My shop has the vice grips style, Park plier style and some old chainwhips. Nearly every mechanic reaches for the chainwhip, myself included. Unless I'm at the crappy bench and then I use the vice grips. Seems like a solution looking for a problem.
  • + 1
 i'll stick with my pedros vise whip thanks! its twice the price but when my cheap cassette digs into my alloy freehub body the unior tool ain't gonna be much good! also, i personally find this type of chain whip way too fiddly!
  • + 3
 Related question: Has anybody understood why are actually chain whips greased? Is there a specific reason? ...I probably going to degrease mine...
  • + 3
 Most likely because they assembled using regular chains. And regular chains are already greased before assembly too. So if they want to offer a chain whip without grease, they'd need to pick all those parts from a regular chain assembly line (before those parts were greased) and then assemble them themselves. Which would end up being much more expensive than using the very efficient mass production line at the chain plant. I suppose they recon if people don't want a greasy chain whip, they can degrease it themselves.

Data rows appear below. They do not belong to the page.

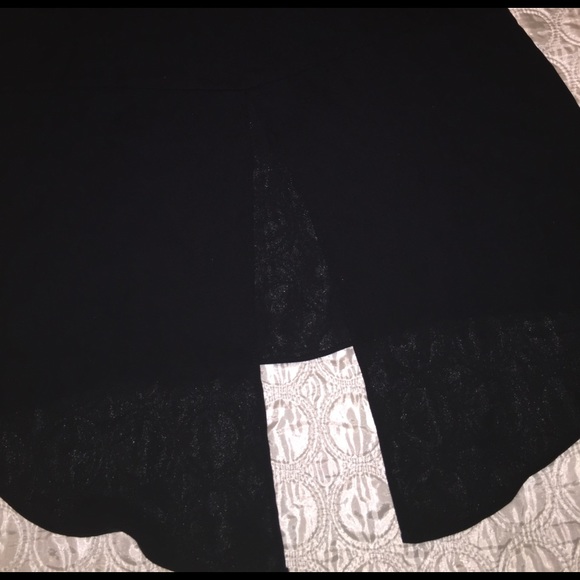 A black, loose blouse with short sleeves! - Picture 3 of 4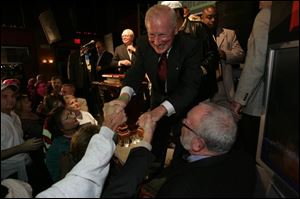 A victorious Carty Finkbeiner accepts congratulations from well-wishers.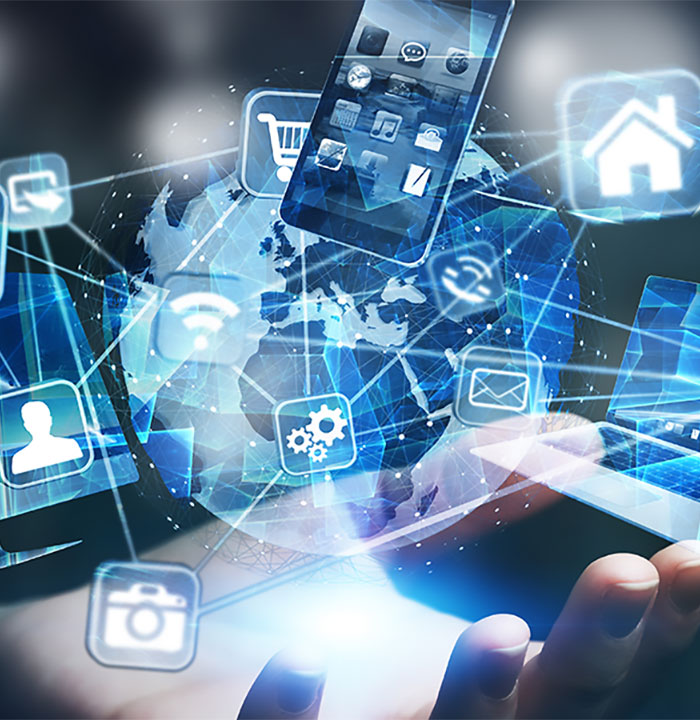 A composite image of current technology icons hovering over a hand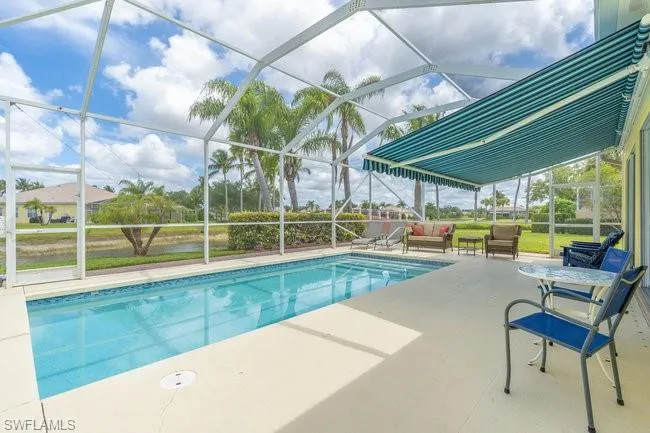 View of swimming pool featuring a lanai, an outdoor living space, and a patio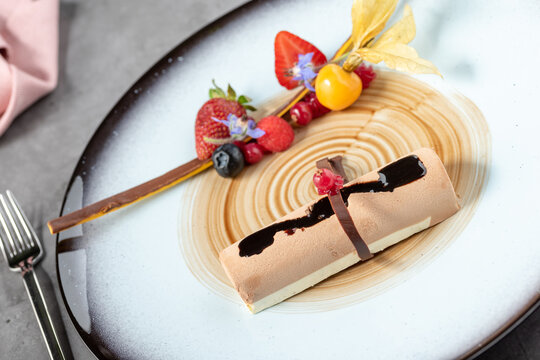 Stylish modern presentation of fruit chocolate mousse or semi-frozen parfait
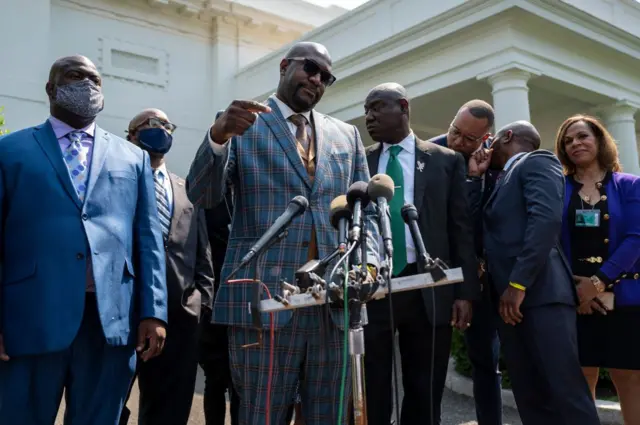 George Floyds brother Philonise Floyd speaks with other family members and lawyers outside the White House after meeting with US President Joe Biden in Washington, DC, on May 25, 2021.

At least, that's what first came to mind. The other idea is that they're using relatively cheap chains which need grease to make sure they don't rust before they're being sold to the customer.
  • + 3
 it is packaging grease, you will find this on any extreme budget bikes . it is for long term storage without corrosion. and so when the clueless people who buy a bike with that on dont lube their chain for 3 years the chain hasent rusted through. im assuming that the chain whip uses these extreme budget chains
  • + 1
 @BrianRichards: all chains come packed with grease it’s not a quality thing it’s long term storage.
  • + 1
 If you cant figure out how to use a chain whip properly, you are going to have problems with this too... and you will still need a chain whip for all the cassettes that are not 11/12 spd....I will Pass.
  • + 1
 The tool isn't 11/12-speed specific. Each side of the tool is designed for a particular sized cog. 11-tooth or 12-tooth. 10-tooth cassettes work with the 12-tooth side as the pins are lengthened to reach beyond the 10.
  • + 1
 For years I just used an old length of chain wrapped around the cassette and held in the nail puller on a claw hammer, then un-did my lockring with a lockring tool and large crescent wrench. This is better.
  • + 3
 Looks nice. Never once had an issue with a chain whip, so I'm in no hurry to replace mine.
  • + 1
 That's a nice idea, but I think I paid about $15 for my chain whip, and probably overspent considering that you can make one out of literally almost any piece of metal and a used chain.
  • + 0
 doesnt work on super worn cassettes, doesnt help with cheap cassettes get warn into alloy freehubs, doesnt come in large enough sizes for track cogs. this tool is probably fine for home mechanics, but is awful for shop use.
  • + 1
 Wouldn't want it for home use either. At home you do this maybe 4 times a year if you're frisky. You don't need to save 3 seconds or whatever. A regular chain tool is cheaper and will work on every cassette past or future.
  • + 2
 Honest question here: my chain whip is old and probably has a 8 speed chain on it. Can it damage my 11 speed cassette? Should I put a 11 speed chain on it?
  • + 4
 It'll be fine
  • + 0
 As long as it is not a metric chain it will be fine
  • + 2
 Decathlon need to update their one to handle 12 speed...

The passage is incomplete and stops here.